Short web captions

--- START ---

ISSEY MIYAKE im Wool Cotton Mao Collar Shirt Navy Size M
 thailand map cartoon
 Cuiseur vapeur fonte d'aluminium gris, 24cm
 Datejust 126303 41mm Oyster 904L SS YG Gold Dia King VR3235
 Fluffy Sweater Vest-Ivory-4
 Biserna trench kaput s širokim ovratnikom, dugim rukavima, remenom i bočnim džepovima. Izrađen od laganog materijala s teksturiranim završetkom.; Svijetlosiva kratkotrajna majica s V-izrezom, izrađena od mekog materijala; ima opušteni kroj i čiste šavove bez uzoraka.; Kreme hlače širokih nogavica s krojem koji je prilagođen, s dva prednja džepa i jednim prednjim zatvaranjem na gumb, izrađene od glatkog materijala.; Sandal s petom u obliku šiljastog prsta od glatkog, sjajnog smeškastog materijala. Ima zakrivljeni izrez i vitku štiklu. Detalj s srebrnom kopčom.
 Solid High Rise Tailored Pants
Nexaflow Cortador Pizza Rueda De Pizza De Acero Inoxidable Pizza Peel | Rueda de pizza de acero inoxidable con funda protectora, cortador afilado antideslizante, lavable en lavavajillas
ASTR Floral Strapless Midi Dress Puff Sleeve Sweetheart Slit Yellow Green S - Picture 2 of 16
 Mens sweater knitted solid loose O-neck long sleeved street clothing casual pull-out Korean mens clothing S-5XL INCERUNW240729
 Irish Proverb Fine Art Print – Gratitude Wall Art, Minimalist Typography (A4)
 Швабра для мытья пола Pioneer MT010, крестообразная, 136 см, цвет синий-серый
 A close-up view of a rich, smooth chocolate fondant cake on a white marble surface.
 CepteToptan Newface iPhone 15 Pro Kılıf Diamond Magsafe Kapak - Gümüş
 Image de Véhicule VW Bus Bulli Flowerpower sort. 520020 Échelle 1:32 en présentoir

--- END ---

Write out exactly the lines above from the line with "ASTR Floral Strapless" through the line with "Швабра для мытья", both of them included, and leave out all other lines.

Result for this exercise
ASTR Floral Strapless Midi Dress Puff Sleeve Sweetheart Slit Yellow Green S - Picture 2 of 16
 Mens sweater knitted solid loose O-neck long sleeved street clothing casual pull-out Korean mens clothing S-5XL INCERUNW240729
 Irish Proverb Fine Art Print – Gratitude Wall Art, Minimalist Typography (A4)
 Швабра для мытья пола Pioneer MT010, крестообразная, 136 см, цвет синий-серый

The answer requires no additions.